INPUT DATA »

"""

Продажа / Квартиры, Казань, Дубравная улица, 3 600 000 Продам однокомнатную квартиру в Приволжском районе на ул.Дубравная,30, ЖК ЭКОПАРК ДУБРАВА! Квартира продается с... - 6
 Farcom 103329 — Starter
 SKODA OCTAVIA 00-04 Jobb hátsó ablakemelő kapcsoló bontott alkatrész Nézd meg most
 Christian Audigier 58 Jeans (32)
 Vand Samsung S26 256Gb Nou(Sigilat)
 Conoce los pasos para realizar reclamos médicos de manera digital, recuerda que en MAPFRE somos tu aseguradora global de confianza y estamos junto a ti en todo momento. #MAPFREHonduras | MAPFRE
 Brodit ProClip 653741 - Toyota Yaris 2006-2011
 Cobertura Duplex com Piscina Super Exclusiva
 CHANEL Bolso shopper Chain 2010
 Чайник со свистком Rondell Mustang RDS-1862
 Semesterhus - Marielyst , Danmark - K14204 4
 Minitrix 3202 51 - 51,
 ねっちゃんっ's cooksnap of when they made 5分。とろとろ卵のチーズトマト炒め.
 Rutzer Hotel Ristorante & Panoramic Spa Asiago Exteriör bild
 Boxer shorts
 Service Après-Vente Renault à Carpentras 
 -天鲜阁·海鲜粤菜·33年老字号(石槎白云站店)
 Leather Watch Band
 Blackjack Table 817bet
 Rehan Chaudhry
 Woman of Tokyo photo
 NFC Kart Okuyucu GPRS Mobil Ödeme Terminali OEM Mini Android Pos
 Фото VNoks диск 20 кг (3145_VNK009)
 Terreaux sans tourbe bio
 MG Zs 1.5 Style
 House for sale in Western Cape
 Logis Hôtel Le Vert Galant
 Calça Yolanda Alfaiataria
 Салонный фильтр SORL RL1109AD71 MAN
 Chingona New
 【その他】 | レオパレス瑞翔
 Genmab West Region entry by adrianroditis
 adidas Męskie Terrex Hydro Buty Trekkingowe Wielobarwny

"""

EXERCISE DETAILS » Would you restate the records word for word?

ANSWER FOR THE TASK »
Продажа / Квартиры, Казань, Дубравная улица, 3 600 000 Продам однокомнатную квартиру в Приволжском районе на ул.Дубравная,30, ЖК ЭКОПАРК ДУБРАВА! Квартира продается с... - 6
 Farcom 103329 — Starter
 SKODA OCTAVIA 00-04 Jobb hátsó ablakemelő kapcsoló bontott alkatrész Nézd meg most
 Christian Audigier 58 Jeans (32)
 Vand Samsung S26 256Gb Nou(Sigilat)
 Conoce los pasos para realizar reclamos médicos de manera digital, recuerda que en MAPFRE somos tu aseguradora global de confianza y estamos junto a ti en todo momento. #MAPFREHonduras | MAPFRE
 Brodit ProClip 653741 - Toyota Yaris 2006-2011
 Cobertura Duplex com Piscina Super Exclusiva
 CHANEL Bolso shopper Chain 2010
 Чайник со свистком Rondell Mustang RDS-1862
 Semesterhus - Marielyst , Danmark - K14204 4
 Minitrix 3202 51 - 51,
 ねっちゃんっ's cooksnap of when they made 5分。とろとろ卵のチーズトマト炒め.
 Rutzer Hotel Ristorante & Panoramic Spa Asiago Exteriör bild
 Boxer shorts
 Service Après-Vente Renault à Carpentras 
 -天鲜阁·海鲜粤菜·33年老字号(石槎白云站店)
 Leather Watch Band
 Blackjack Table 817bet
 Rehan Chaudhry
 Woman of Tokyo photo
 NFC Kart Okuyucu GPRS Mobil Ödeme Terminali OEM Mini Android Pos
 Фото VNoks диск 20 кг (3145_VNK009)
 Terreaux sans tourbe bio
 MG Zs 1.5 Style
 House for sale in Western Cape
 Logis Hôtel Le Vert Galant
 Calça Yolanda Alfaiataria
 Салонный фильтр SORL RL1109AD71 MAN
 Chingona New
 【その他】 | レオパレス瑞翔
 Genmab West Region entry by adrianroditis
 adidas Męskie Terrex Hydro Buty Trekkingowe Wielobarwny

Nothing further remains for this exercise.